Although most well known for his positions on human population, Ehrlich has done extensive work on extinctions going back to his 1981 book, Extinction: The Causes and Consequences of the Disappearance of Species. He has long tied his work on coevolution, on racial, gender and economic justice, and on nuclear winter with the issue of wildlife populations and species loss.
There is general agreement among scientists that extinction rates have reached levels unparalleled since the dinosaurs died out 66 million years ago. However, some have challenged the theory, believing earlier estimates rested on assumptions that overestimated the crisis.

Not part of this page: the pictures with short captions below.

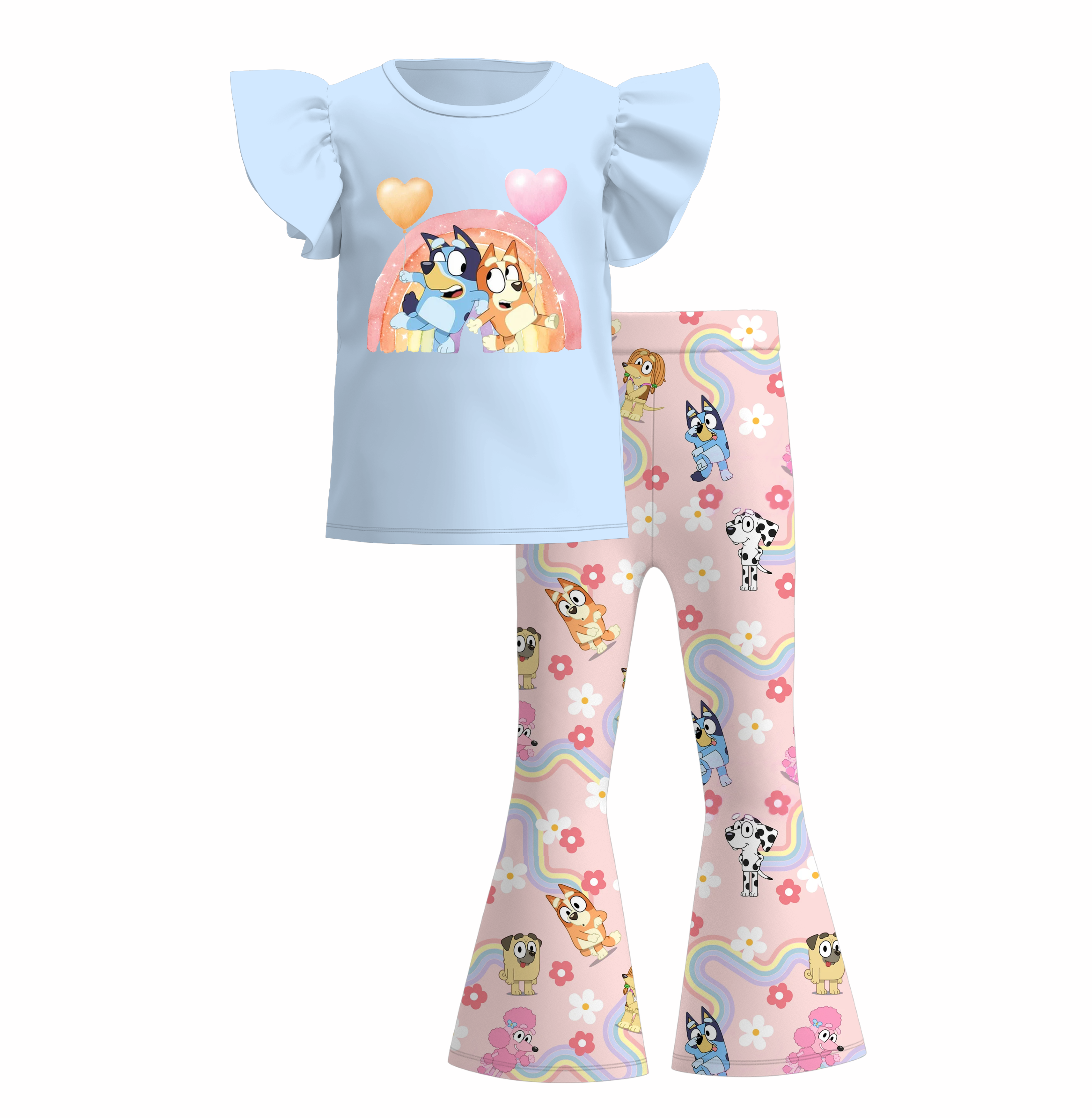 (Pre Order)Girls Cute Cartoon Print Outfit Set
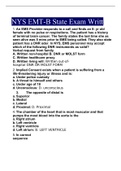 NYS EMT-B State Exam Written Study Guide 2022 with COMPLETE SOLUTION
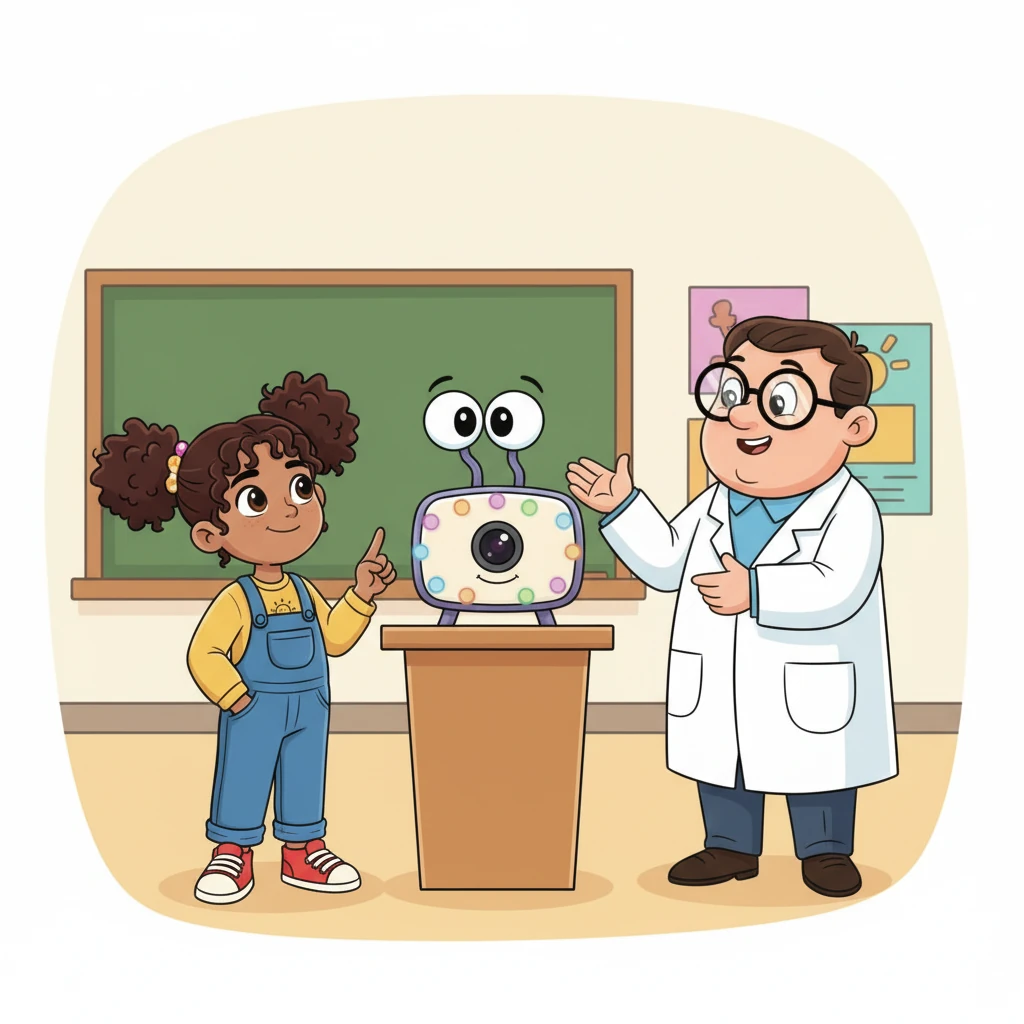 Mr. Gadget explains that the AI uses special 'eyes' (cameras) to see everyone's unique face, like a super-smart detective. Anya's eyes widen with understanding, imagining the machine as a playful robot.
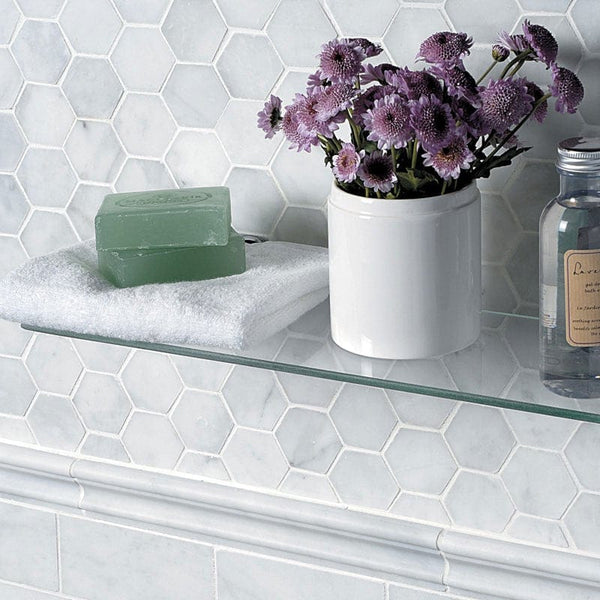 Glacier Marble 50 mm Hexagon Mosaic - Honed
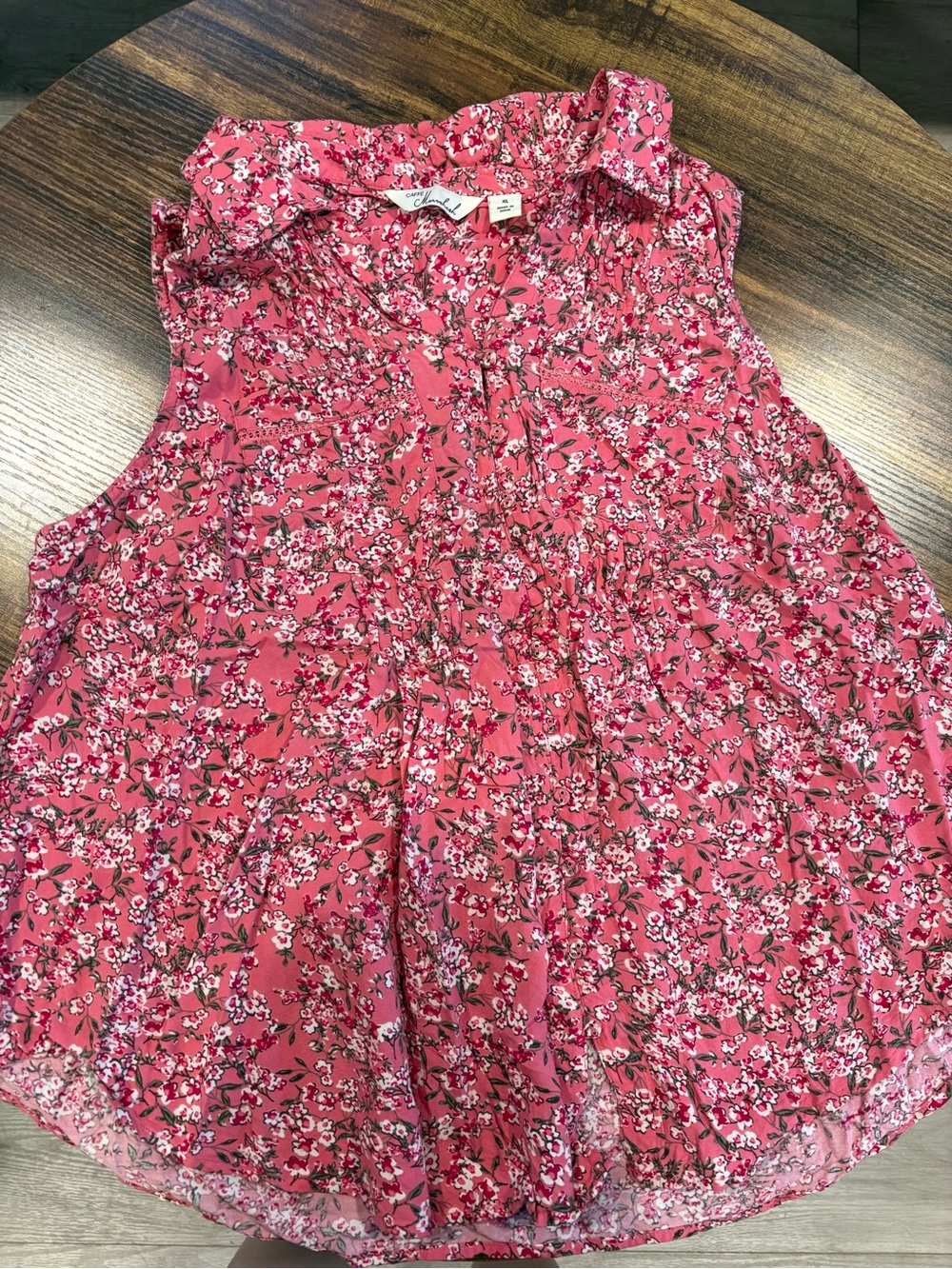 Caffe Marrahkesh Pink Floral Sleeveless Button-Front Camisole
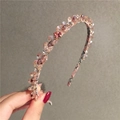 Cerchietto fatto a mano stile fata con cristalli rosa e perline floreali - Rosa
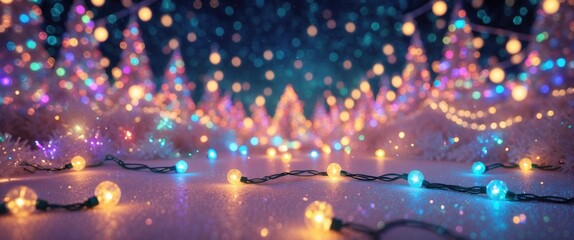 Aufkleber - Christmas bokeh background featuring soft light glimmering through colorful string lights creating a festive and magical atmosphere.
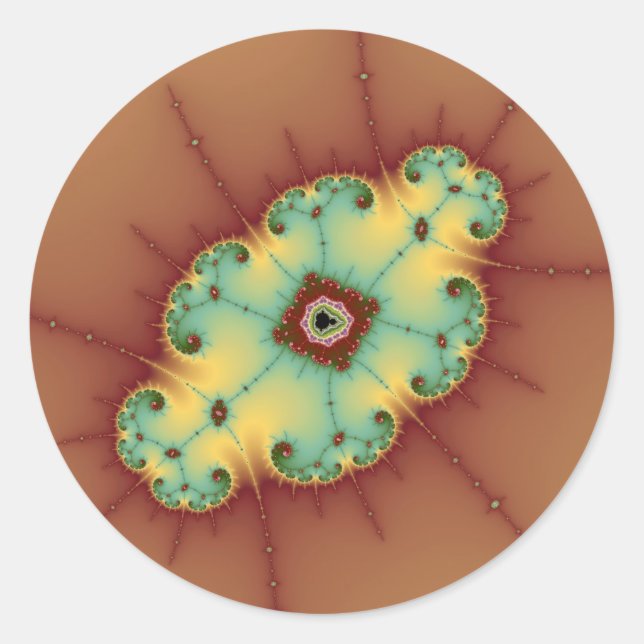 Pegatina Redonda Cerebro cuadrado - Fractal (Anverso)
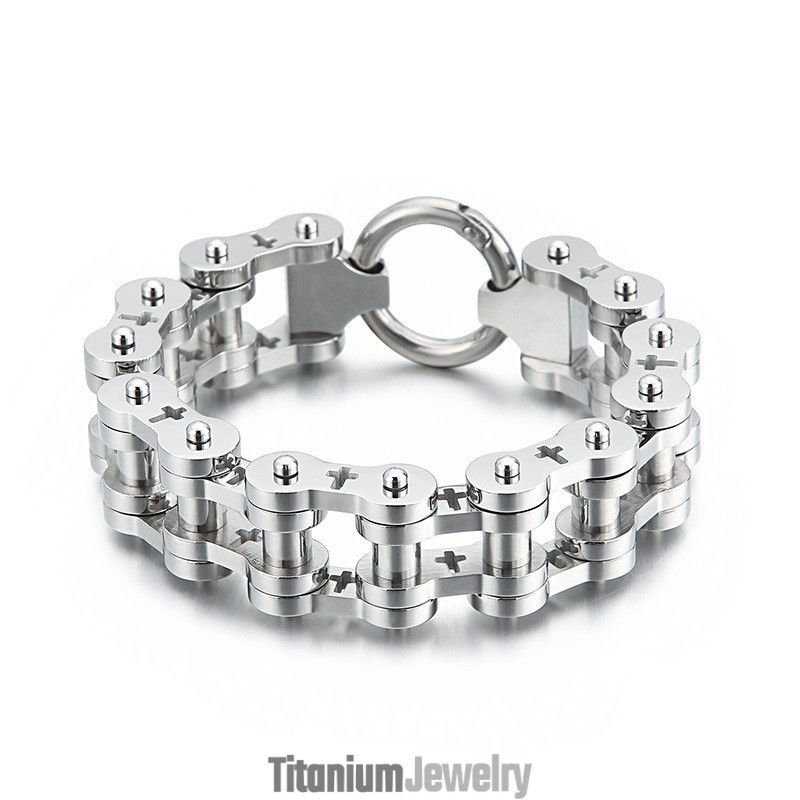 צמיד אופניים לגברים מדגם רוק היפ הופ עם צלב חלול מטיטניום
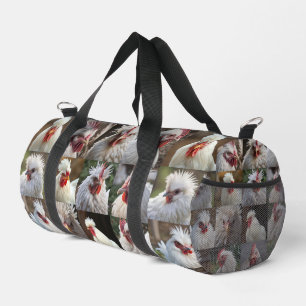 White Chickens Photo Collage, Duffle Bag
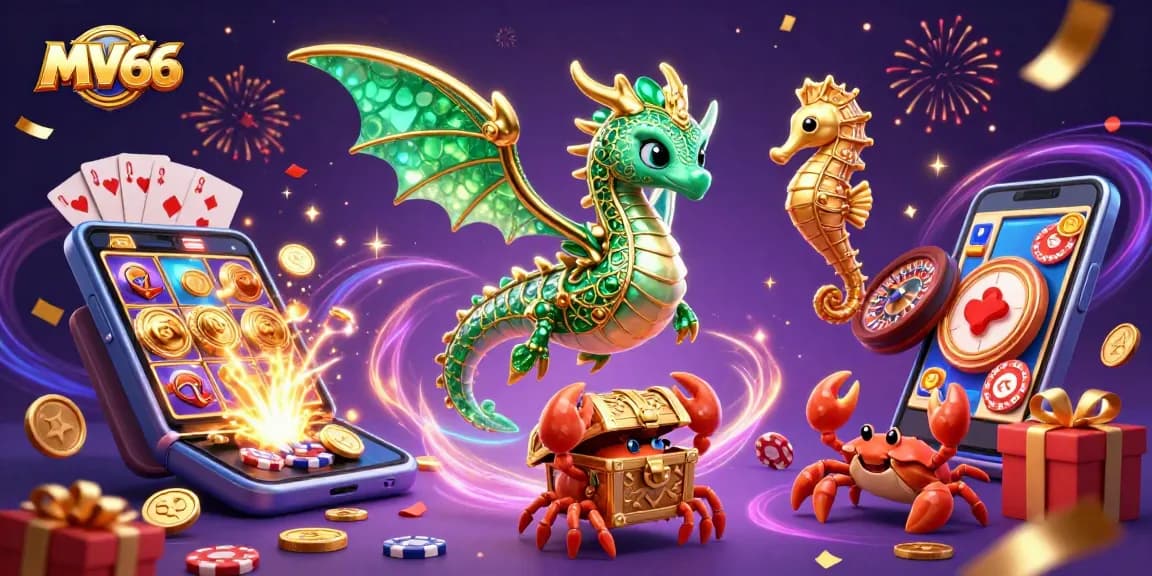 Experience thrilling gaming at MV66 with captivating dragons and casino elements.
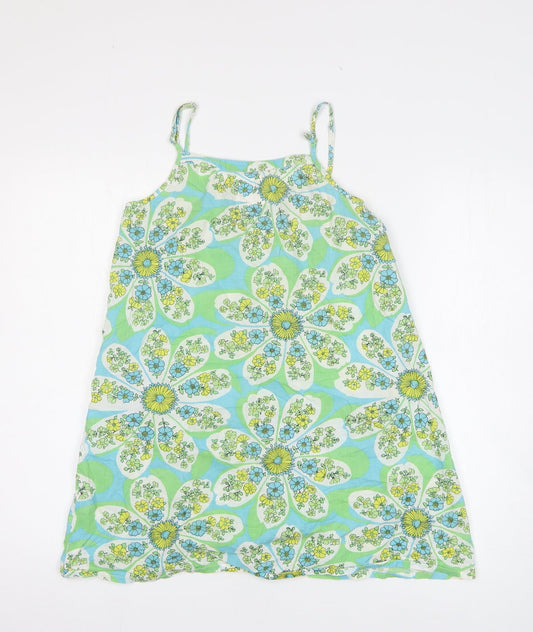 New Look Womens Green Floral 100% Cotton Mini Size 10 Round Neck Pullover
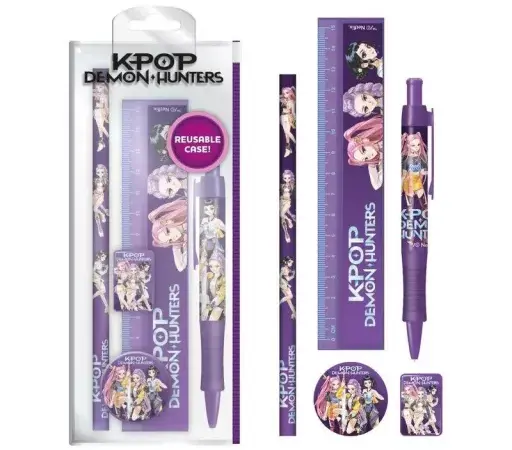 K-pop Demon Hunters Purple Σετ Γραφικής Ύλης 5 Τεμαχίων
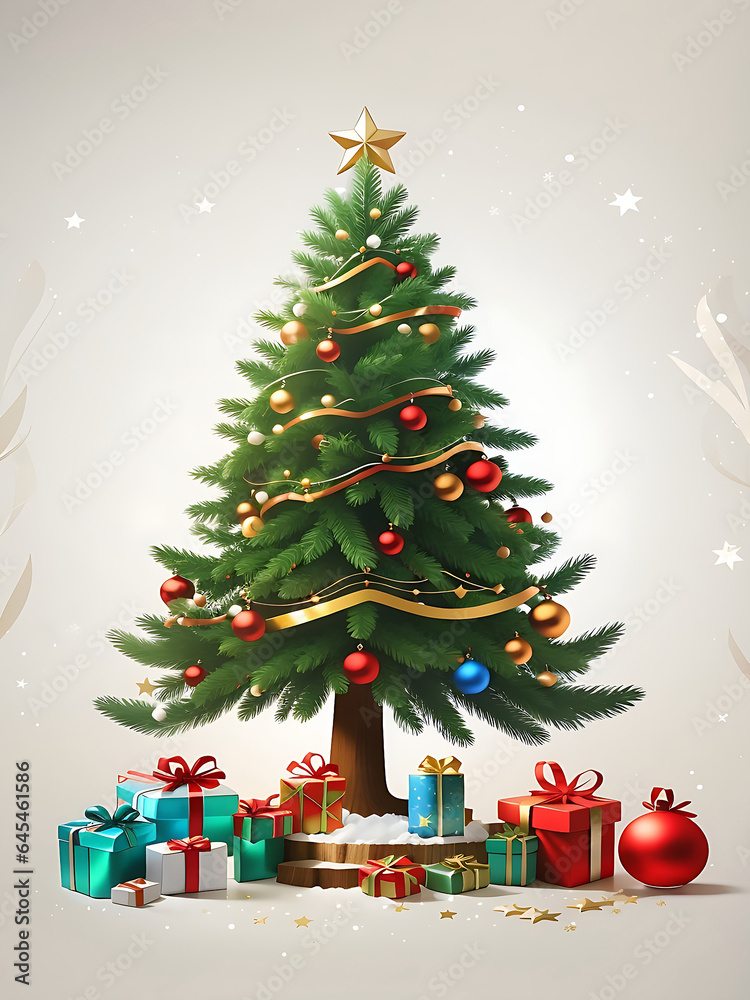 Christmas tree with gifts Ai generative
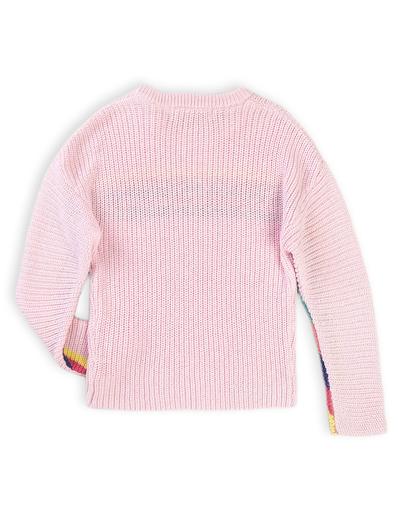 Różowy sweter dziewczęcy w kolorowe paski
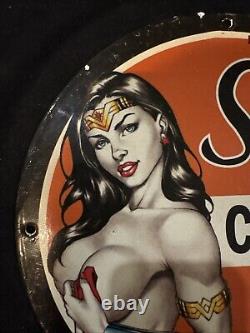 Vintage Super Clark Gas Wonder Women Pinup Girl Porcelain Gas Oil Pump Ad Sign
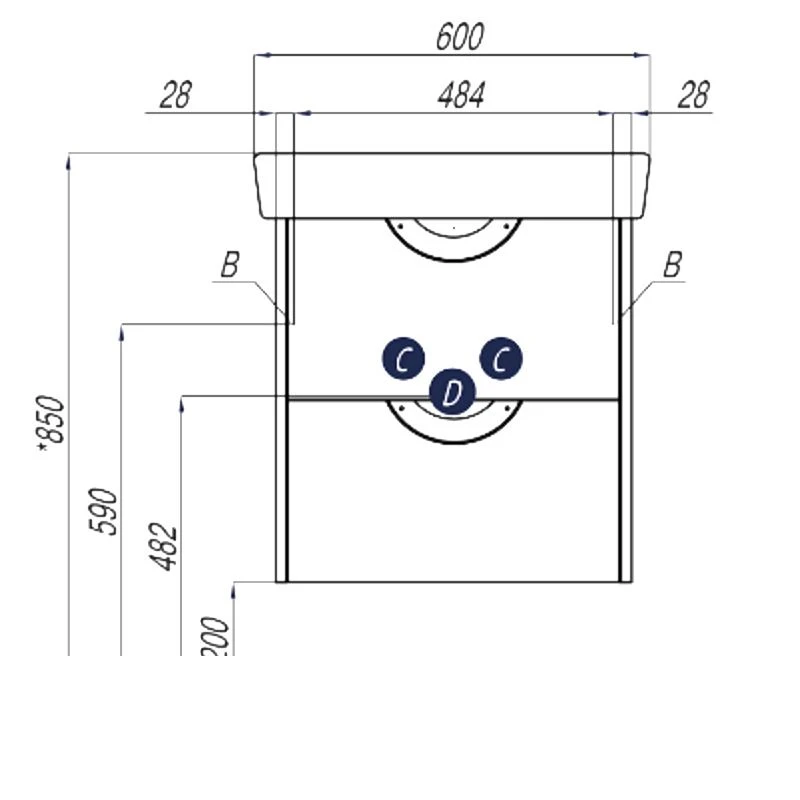 خزانة حوض أكواتون سيلفا 60 - تشطيب بلوط فيورد 1A211801SIW601.A211.8.01S.IW6.0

The new study, published in the journal Science Advances, shows that even with extremely conservative estimates, species are disappearing up to about 100 times faster than the normal rate between mass extinctions, known as the background rate.
"If it is allowed to continue, life would take many millions of years to recover, and our species itself would likely disappear early on," said lead author Gerardo Ceballos of the Universidad Autónoma de México.
Conservative approach
Using fossil records and extinction counts from a range of records, the researchers compared a highly conservative estimate of current extinctions with a background rate estimate twice as high as those widely used in previous analyses. This way, they brought the two estimates – current extinction rate and average background or going-on-all-the-time extinction rate – as close to each other as possible.
Focusing on vertebrates, the group for which the most reliable modern and fossil data exist, the researchers asked whether even the lowest estimates of the difference between background and contemporary extinction rates still justify the conclusion that people are precipitating "a global spasm of biodiversity loss." The answer: a definitive yes.